START TASK INPUT

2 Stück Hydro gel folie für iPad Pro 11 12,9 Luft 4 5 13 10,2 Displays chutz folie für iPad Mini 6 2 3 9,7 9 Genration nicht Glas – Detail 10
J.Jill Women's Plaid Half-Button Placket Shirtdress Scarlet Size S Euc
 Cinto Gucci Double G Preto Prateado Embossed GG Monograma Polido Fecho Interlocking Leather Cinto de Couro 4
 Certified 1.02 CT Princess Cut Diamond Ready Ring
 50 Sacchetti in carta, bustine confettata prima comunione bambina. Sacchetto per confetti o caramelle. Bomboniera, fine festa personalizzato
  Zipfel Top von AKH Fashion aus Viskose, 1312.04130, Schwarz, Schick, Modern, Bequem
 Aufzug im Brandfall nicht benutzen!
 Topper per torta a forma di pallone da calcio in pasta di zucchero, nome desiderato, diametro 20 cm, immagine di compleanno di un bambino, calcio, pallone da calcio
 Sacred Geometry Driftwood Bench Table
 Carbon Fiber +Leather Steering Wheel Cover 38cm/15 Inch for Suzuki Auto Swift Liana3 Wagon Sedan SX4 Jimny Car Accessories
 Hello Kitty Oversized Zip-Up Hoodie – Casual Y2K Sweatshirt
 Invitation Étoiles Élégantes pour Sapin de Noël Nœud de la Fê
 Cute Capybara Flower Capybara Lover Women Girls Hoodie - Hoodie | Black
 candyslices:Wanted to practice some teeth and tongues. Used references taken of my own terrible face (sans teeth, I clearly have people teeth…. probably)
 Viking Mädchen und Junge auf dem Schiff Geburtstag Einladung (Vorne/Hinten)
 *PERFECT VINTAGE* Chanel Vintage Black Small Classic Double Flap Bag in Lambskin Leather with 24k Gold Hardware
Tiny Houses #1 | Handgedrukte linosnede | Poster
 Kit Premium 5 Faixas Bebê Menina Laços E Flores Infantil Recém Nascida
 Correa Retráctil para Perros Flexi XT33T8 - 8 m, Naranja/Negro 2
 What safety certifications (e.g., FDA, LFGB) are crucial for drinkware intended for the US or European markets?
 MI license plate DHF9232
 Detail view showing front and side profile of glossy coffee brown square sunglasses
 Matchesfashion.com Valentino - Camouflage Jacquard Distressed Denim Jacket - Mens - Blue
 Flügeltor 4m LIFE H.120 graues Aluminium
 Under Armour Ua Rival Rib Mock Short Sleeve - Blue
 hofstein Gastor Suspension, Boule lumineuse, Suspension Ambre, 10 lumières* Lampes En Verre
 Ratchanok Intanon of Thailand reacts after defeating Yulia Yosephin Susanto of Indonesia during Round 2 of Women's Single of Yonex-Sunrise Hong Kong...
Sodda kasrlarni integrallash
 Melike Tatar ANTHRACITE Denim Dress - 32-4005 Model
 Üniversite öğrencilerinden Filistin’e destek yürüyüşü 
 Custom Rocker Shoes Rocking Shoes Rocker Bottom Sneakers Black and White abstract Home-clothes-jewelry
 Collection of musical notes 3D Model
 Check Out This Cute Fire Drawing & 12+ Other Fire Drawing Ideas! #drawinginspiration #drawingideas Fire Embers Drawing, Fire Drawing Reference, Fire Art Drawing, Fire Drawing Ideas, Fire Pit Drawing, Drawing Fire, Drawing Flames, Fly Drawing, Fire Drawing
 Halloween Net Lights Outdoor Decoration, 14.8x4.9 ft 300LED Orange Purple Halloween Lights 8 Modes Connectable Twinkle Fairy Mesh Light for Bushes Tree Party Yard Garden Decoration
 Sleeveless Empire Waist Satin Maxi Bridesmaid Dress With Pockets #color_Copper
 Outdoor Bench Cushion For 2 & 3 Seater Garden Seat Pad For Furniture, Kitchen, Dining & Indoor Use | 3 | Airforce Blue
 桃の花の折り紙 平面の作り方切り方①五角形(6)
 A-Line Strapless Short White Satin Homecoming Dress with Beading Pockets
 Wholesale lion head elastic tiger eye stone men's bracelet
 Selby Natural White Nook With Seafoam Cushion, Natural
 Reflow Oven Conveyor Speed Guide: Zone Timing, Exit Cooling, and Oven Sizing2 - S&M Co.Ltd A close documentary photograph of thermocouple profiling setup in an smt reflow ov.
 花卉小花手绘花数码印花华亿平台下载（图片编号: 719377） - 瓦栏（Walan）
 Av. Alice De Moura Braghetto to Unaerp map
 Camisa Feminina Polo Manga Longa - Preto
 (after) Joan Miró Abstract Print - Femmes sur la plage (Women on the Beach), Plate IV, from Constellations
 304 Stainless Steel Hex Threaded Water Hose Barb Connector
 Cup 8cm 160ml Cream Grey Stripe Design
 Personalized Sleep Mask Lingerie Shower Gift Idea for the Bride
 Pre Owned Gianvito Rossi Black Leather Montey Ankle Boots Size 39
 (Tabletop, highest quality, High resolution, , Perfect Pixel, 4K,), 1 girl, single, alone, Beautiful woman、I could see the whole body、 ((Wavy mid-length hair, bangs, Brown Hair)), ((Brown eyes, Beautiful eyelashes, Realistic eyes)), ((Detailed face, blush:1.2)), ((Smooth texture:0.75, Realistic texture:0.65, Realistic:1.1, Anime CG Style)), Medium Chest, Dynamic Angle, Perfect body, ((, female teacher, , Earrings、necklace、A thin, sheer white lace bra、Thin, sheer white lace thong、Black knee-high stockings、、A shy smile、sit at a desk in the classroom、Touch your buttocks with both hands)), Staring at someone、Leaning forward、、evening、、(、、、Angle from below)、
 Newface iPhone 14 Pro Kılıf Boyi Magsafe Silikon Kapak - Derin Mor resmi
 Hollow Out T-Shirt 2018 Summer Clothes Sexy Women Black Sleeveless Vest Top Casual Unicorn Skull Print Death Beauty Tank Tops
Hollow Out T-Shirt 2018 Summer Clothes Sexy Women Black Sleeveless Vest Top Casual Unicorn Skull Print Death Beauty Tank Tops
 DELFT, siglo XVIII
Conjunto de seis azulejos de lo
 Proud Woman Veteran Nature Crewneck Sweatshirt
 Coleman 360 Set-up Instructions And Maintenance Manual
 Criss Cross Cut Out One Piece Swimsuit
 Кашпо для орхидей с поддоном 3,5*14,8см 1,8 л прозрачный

END TASK INPUT

▶ TASK STATEMENT: In the entries above, the lines between the one holding "Sodda kasrlarni integrallash" and the one holding "Custom Rocker Shoes", inclusive, are to be printed exactly as written, and those alone.

▶ TASK RESPONSE:
Sodda kasrlarni integrallash
 Melike Tatar ANTHRACITE Denim Dress - 32-4005 Model
 Üniversite öğrencilerinden Filistin’e destek yürüyüşü 
 Custom Rocker Shoes Rocking Shoes Rocker Bottom Sneakers Black and White abstract Home-clothes-jewelry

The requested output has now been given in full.